Plus vraiment dans le coup pour participer aux sprints comme à sa grande époque, Arnaud Démare n'hésite pas à mettre son ego et ses ambitions de côté pour se muer en capitaine de route lors de ce Tour de France afin d'aider Kévin Vauquelin.
"Quand on a Arnaud Démare qui roule pour nous, c'est quand même quelque chose de sacrément exceptionnel": l'hommage vient du "Vauq'", sixième du classement général et reconnaissant envers le sprinteur, de dix ans son aîné.
A bientôt 34 ans, le Picard était venu sur ce Tour pour se mêler aux sprints, mais n'a pour l'instant pas pu faire mieux qu'une 13e place dimanche à Châteauroux.

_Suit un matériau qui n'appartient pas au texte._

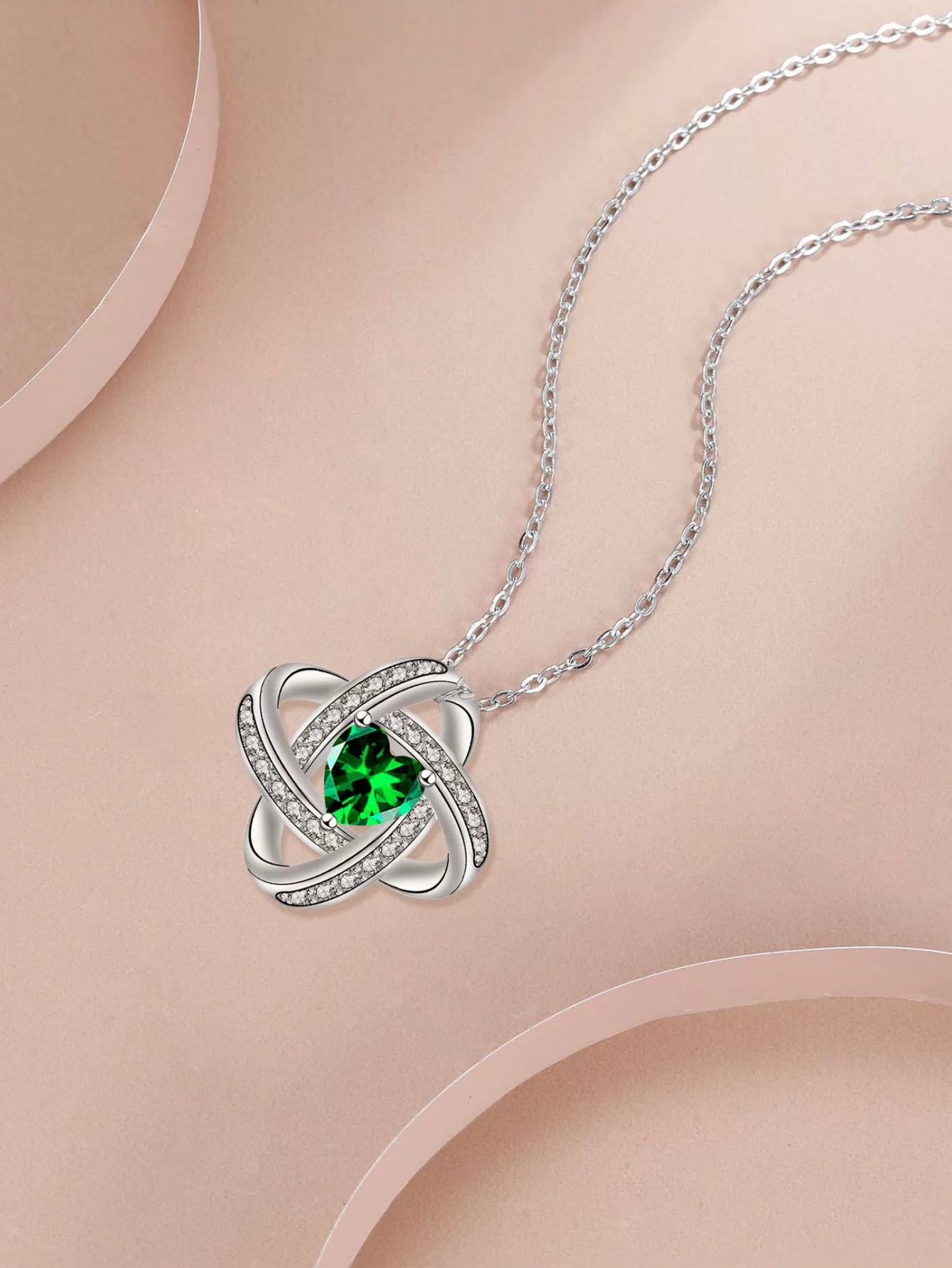 Silver Heart Pendant Necklace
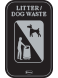 Front - Litter/Dog - Black & Silver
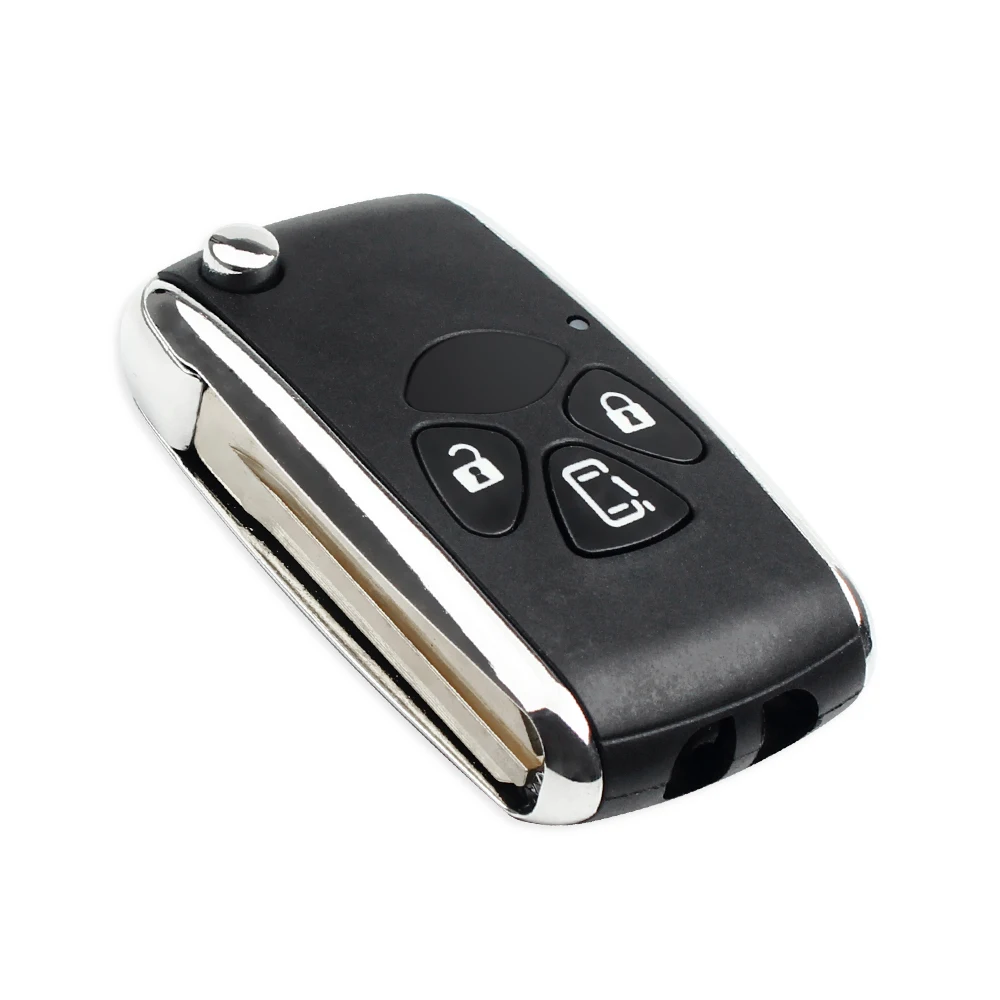 KEYYOU дистанционный корпус автомобиля складной Флип ключ чехол для Toyota Camry Yaris Corolla RAV4 Hilux Vitz Crown Avalon Venza REIZ Toy43 Blade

Il faut dire qu'il a été mis à contribution pour défendre les intérêts de Vauquelin, leader désormais bien installé d'une équipe Arkéa-B&B Hotels toute heureuse de figurer aussi bien au classement général.
- Rouler "sans compter" -
"Sur certaines étapes, on l'a vraiment utilisé beaucoup, on l'a vraiment utilisé longtemps, et on a occulté, quelque part, les arrivées au sprint", admet Didier Rous, directeur sportif de la formation bretonne.
"Le meilleur exemple, c'est Mûr-de-Bretagne, Arnaud a pris le vent pendant environ 15 kilomètres continuels, sans compter (...), a passé toute l'étape à prendre le vent, à s'écarter pour moi", confirme Kévin Vauquelin, idéalement placé ce jour-là au pied de la spectaculaire pente bretonne et septième au sommet.

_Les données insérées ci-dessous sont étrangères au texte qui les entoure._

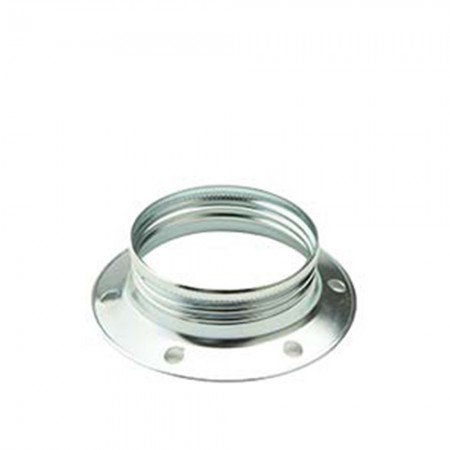 GHIERA FILETTATA E27 ARGENTO TERMOPLASTICA  FAI 0231/ARG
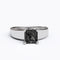 Solitaire Gold Engagement with 1ct Princess Cut Black Onyx - 01SG05O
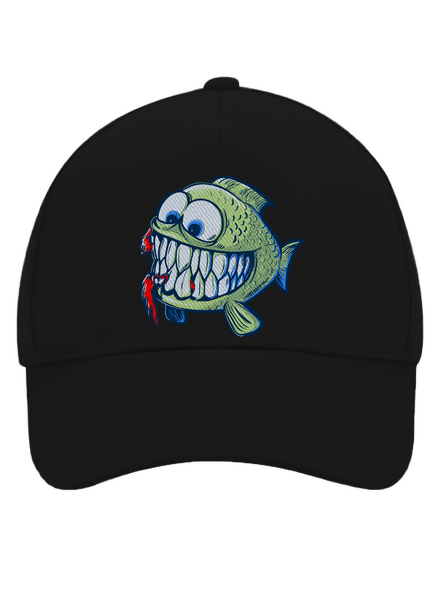 Hladová rybka kšiltovka baseballka Black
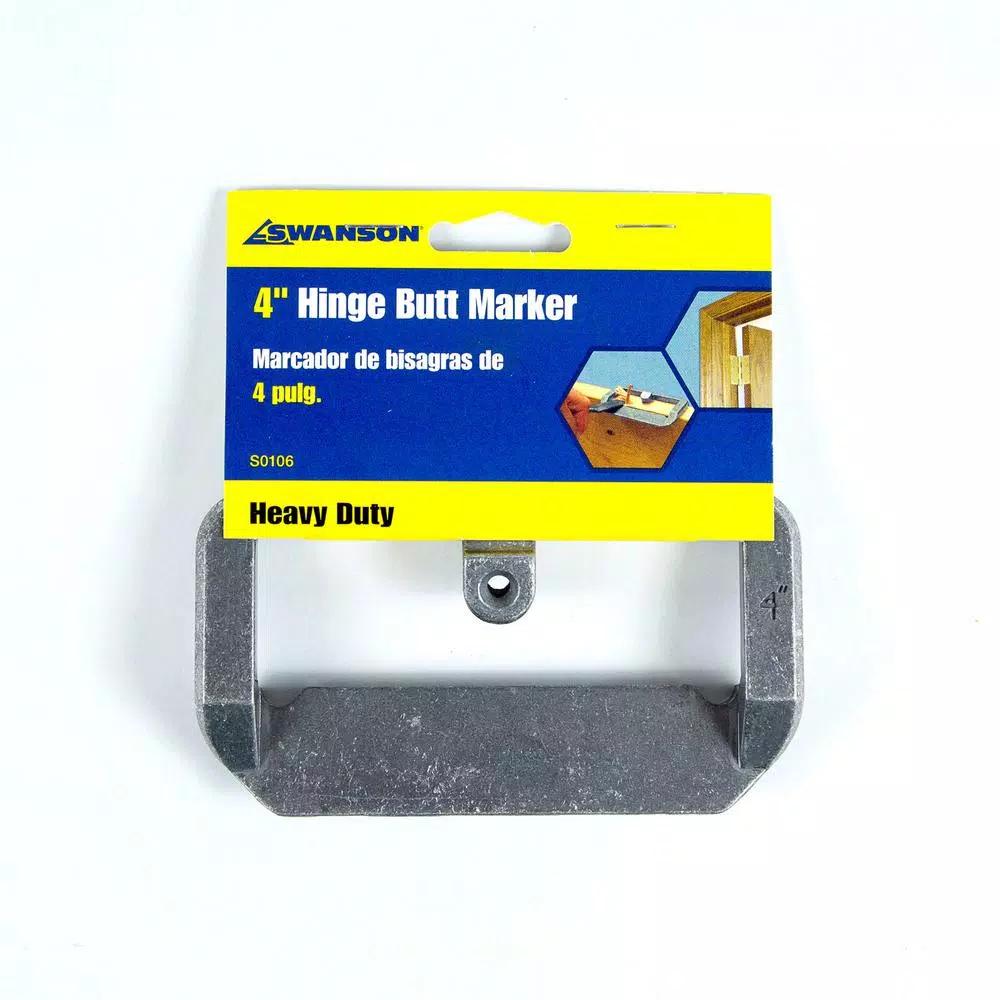 Swanson 4 in. Hinge Butt Marker with Pre-set Depth and Chisel Guides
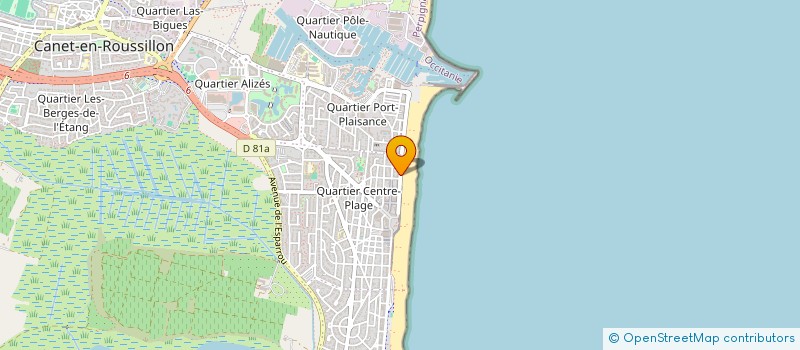 localisation de l'entreprise MADAME FLORILENE CARPENTIER  CANET-EN-ROUSSILLON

Le changement de statut est net, sans conteste, pour celui qui reste le meilleur cycliste tricolore en activité avec un total impressionnant de 97 victoires, et qui continue de caresser le rêve d'attendre la marque symbolique de 100 succès.
Triple champion de France (2014, 2017, 2020), vainqueur de Milan Sanremo en 2016 et de deux étapes sur le Tour de France, Démare, dernier tricolore à avoir gagné à l'issue d'un sprint massif dans la Grande Boucle (en 2018), a très souvent eu l'habitude d'avoir une équipe à son service.
Il s'est d'ailleurs présenté au grand départ lillois accompagné de son poisson-pilote belge Amaury Capiot, mais n'a pas rechigné à se ranger derrière Vauquelin, à son aise lors des premières étapes et plusieurs jours sur le podium du général.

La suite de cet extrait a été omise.